Off the back of these robust figures, management announced a 3.7% increase in the company’s dividend payout.
Based on these half-year figures, it looks as if the company is on track to outperform City expectations for the full-year.
Indeed, in the run-up to today’s release, analysts have been expecting a pre-tax profit of £8.7m for the full year, and dividend growth of just over 1%. It now looks to me as if the firm is set to earn £9.4m for the year with an inflation-busting dividend increase of 3.7%.
Active in one of the most buoyant property markets in the world, I believe that McKay is a great buy for income seekers. The real estate investment trust offers a relatively defensive income from property, and the asset value is supported by bricks and mortar.

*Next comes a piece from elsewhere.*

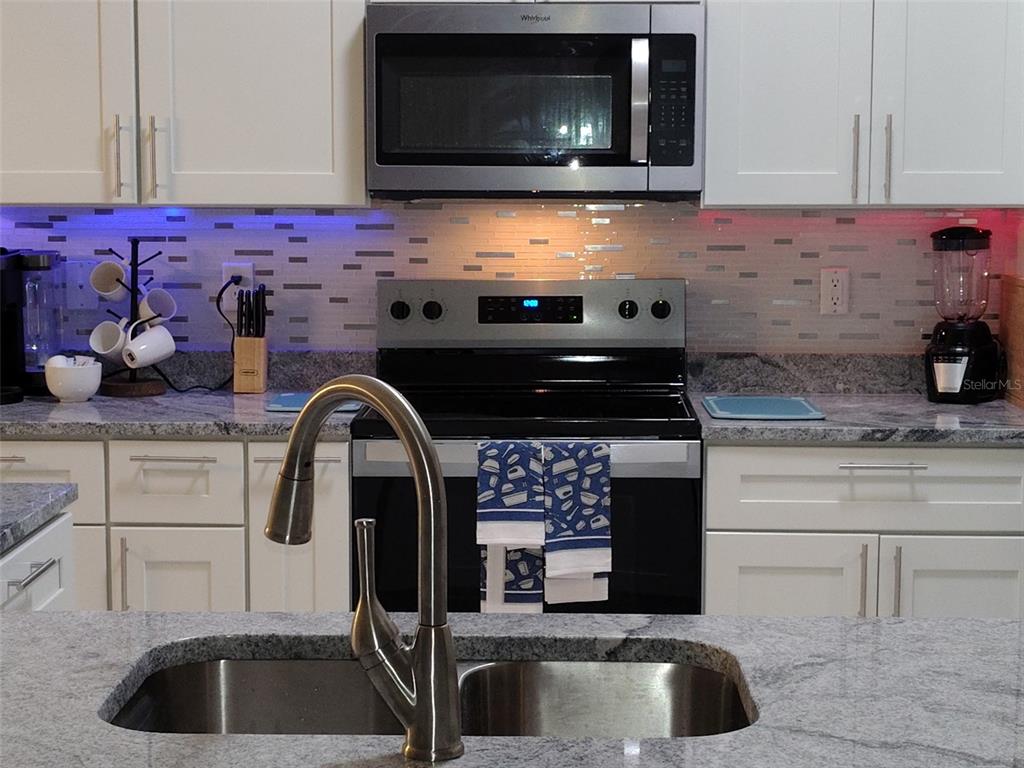 A kitchen features white cabinets, granite countertops, a stainless steel stove, and a microwave — 3985 SE 138TH PLACE, SUMMERFIELD, FL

What’s more, it looks as if the shares are deeply undervalued at current levels. At 233p, shares in McKay are trading at price-to-book ratio of 0.75, implying an upside of 33% if sentiment towards the business improves and the shares re-rate. As well as this discount, the shares support a dividend yield of 4%.
Undervalued growth and income
Another dividend stock that looks to me as if it could help you make a million with little risk is Workspace (LSE: WKP).
The company, which “offers highly designed and super-connected space to businesses on flexible terms” recently reported a 21% year-on-year growth in net rental income for the first half thanks to high demand from customers for its properties. Net asset value for the six months to 30 September rose by 6.4% to £10.14 so, once again, at 930p the stock is trading at a price to book value of less than one.
Workspace offers the rare combination of both growth and income that’s backed by property. The shares currently support a dividend yield of 2.8%, and City analysts have pencilled in earnings per share growth for the group of 16% this year followed by growth of 12% for the financial year ending 31 March 2019.
Over the past five years, the company’s earnings per share have grown three-fold. Over the same period, the dividend payout has risen 170%.
With a steadily growing dividend distribution, rising earnings and a property-rich balance sheet, Workspace looks to me to be another top ‘safe’ dividend stock.